INSTRUCTIONS FOR THE TASK:
After removing every image, reproduce the data exactly as it appears.

EXERCISE DATA:

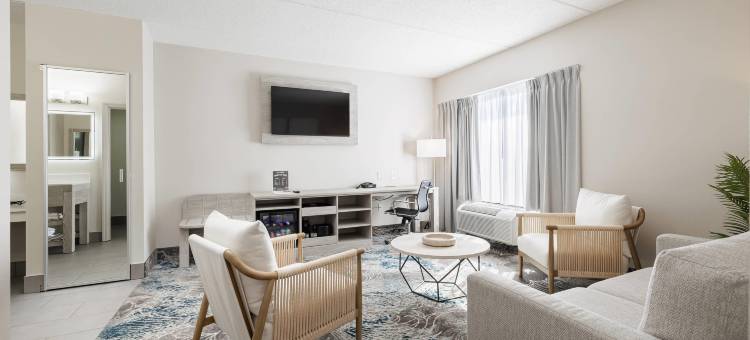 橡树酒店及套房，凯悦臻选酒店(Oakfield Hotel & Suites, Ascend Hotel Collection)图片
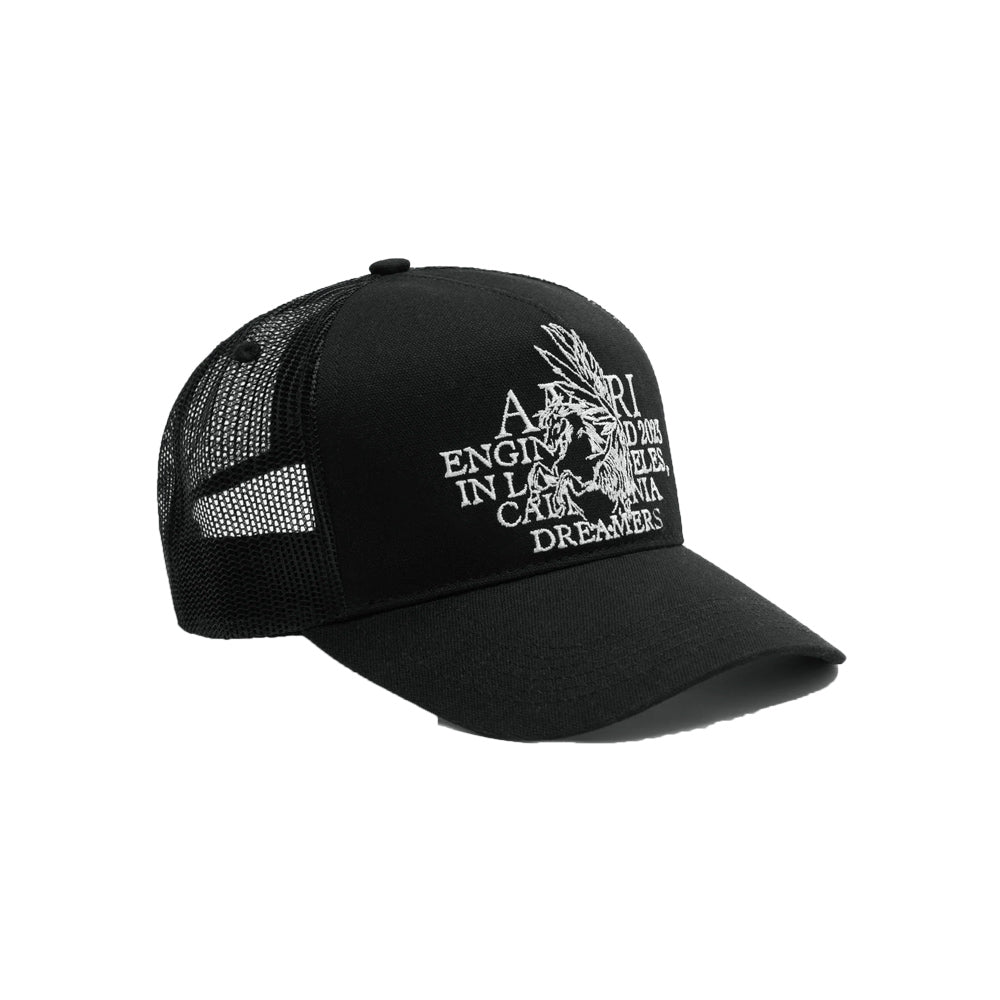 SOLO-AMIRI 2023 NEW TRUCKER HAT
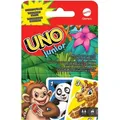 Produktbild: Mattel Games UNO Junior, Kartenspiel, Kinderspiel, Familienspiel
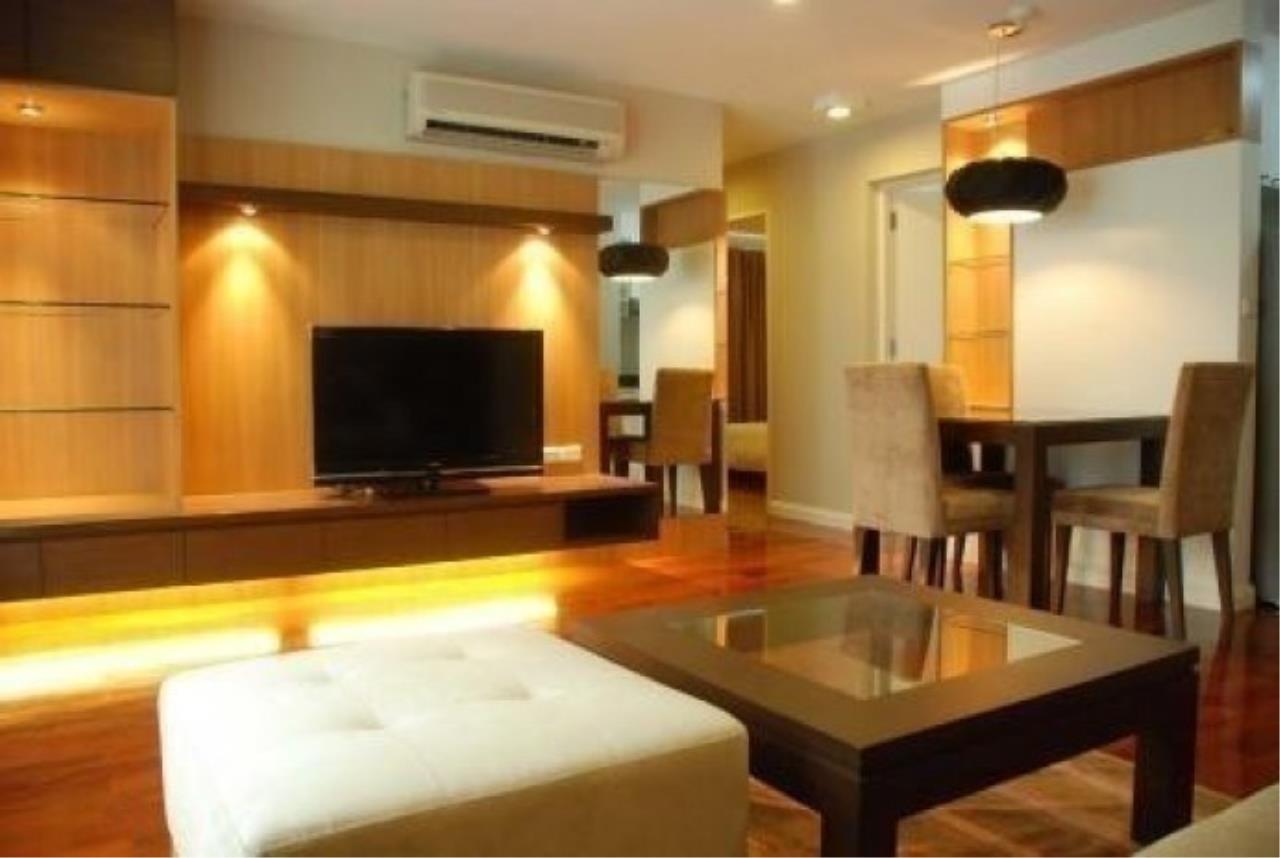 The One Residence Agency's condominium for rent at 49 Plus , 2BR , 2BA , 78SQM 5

SOLUTION:
 橡树酒店及套房，凯悦臻选酒店(Oakfield Hotel & Suites, Ascend Hotel Collection)图片
 SOLO-AMIRI 2023 NEW TRUCKER HAT
 Produktbild: Mattel Games UNO Junior, Kartenspiel, Kinderspiel, Familienspiel
 The One Residence Agency's condominium for rent at 49 Plus , 2BR , 2BA , 78SQM 5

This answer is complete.